Competition is another, and Telecom Eireann has anticipated this by implementing price reductions in advance. The competitive climate will certainly heat up, and Telecom Eireann's market share is expected to fall, but the challenge for the management is to minimise the impact of these, not prevent them from happening.

The biggest risk is market risk should stock markets around the world take a hit in the near future. In such circumstances,

Telecom Eireann will not be exempt. It may seem churlish to remind investors that prices can go down as well as up, and that it is never a good idea to invest money in the stock-market that is needed for other purposes in the near future.

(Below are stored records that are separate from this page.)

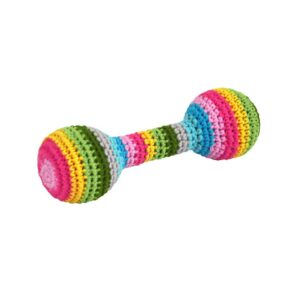 Green Sprouts Chime Rattle Made from Organic Cotton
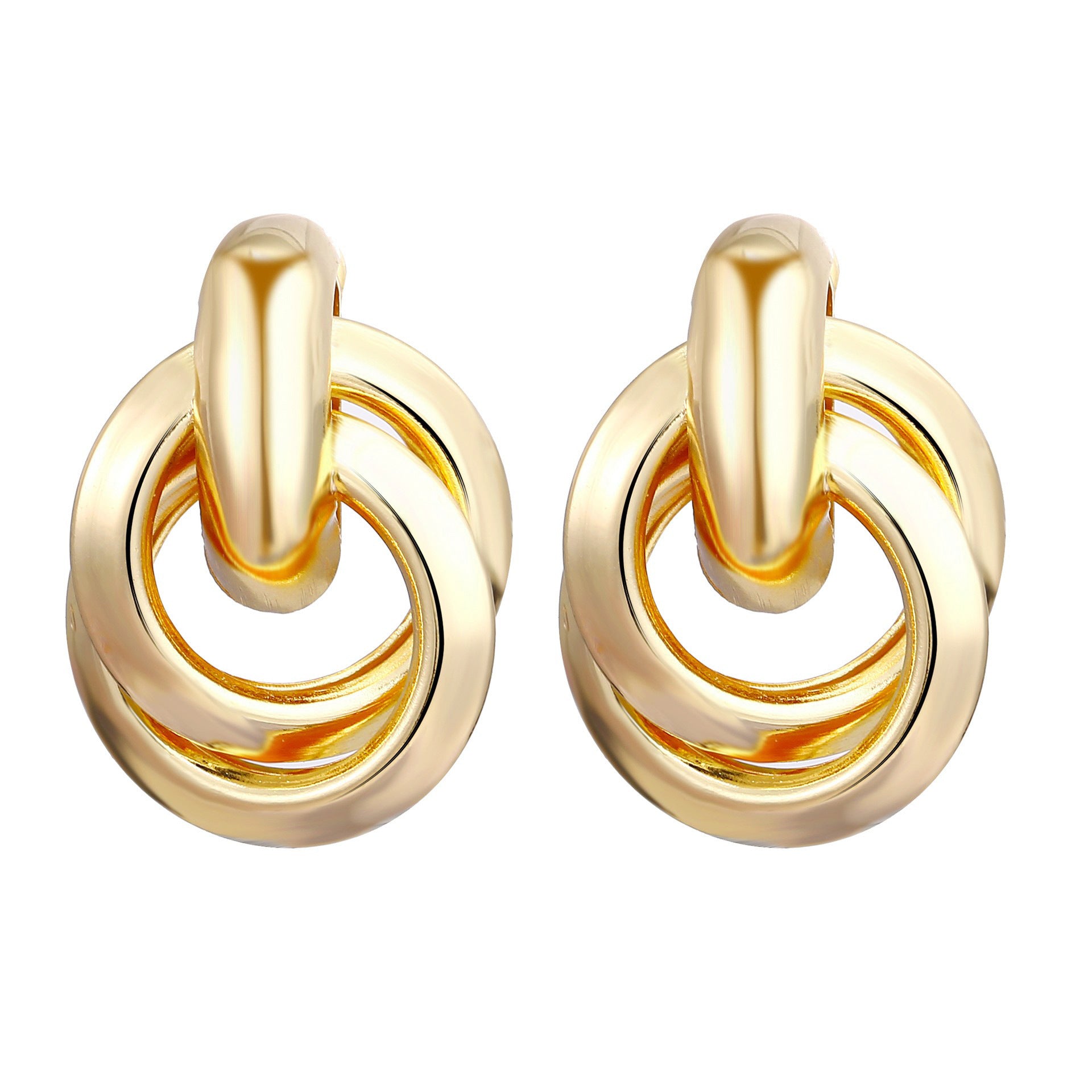 Damen Elegante und stilvolle Ohrstecker Shop Nory
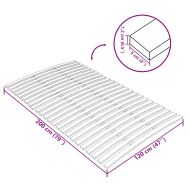 Резервни летви за легло с 24 летви 120x200 см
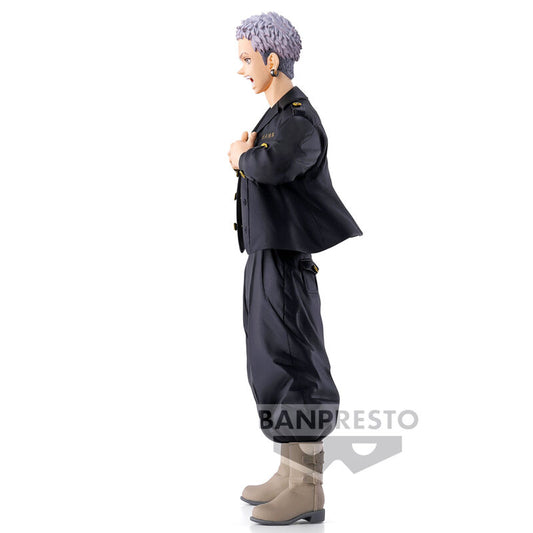 Figura Takashi Mitsuya Tokyo Revengers ver A 17 cm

So what will the share price of Telecom Eireann do after the flotation? Interest from retail customers has been strong, as evidenced by the high number of retail registrations. Telecom Eireann's story has been well received by international institutions, reflecting those positive characteristics of the telecom market and the positive view of the company internationally. Investing in Telecom Eireann allows access to a part of the strong Irish economic story and provides some diversification away from a heavily financial dominated index. At the upper end of the pricing range, it is valued at a premium to the European telecom average. The decision of the Government to sell all of its shareholding should improve the liquidity of the shares but perhaps indicates that as the Government has only one bite of the cherry, it needs to make that bite worthwhile. With £40 billion of new telecom shares due to come to the global markets in the rest of 1999 alone, it is understandable that the prospect of another placing in twelve or eighteen months time was not attractive.

Telecom Eireann should be an attractive investment for the medium term, even if the price is set in the upper half of the pricing range. A premium over the European telecom sector is justified on the basis of the strength of the growth in the Irish telecom market, and the prospect of Telecom Eireann growing profits by over 20% per annum for the foreseeable future.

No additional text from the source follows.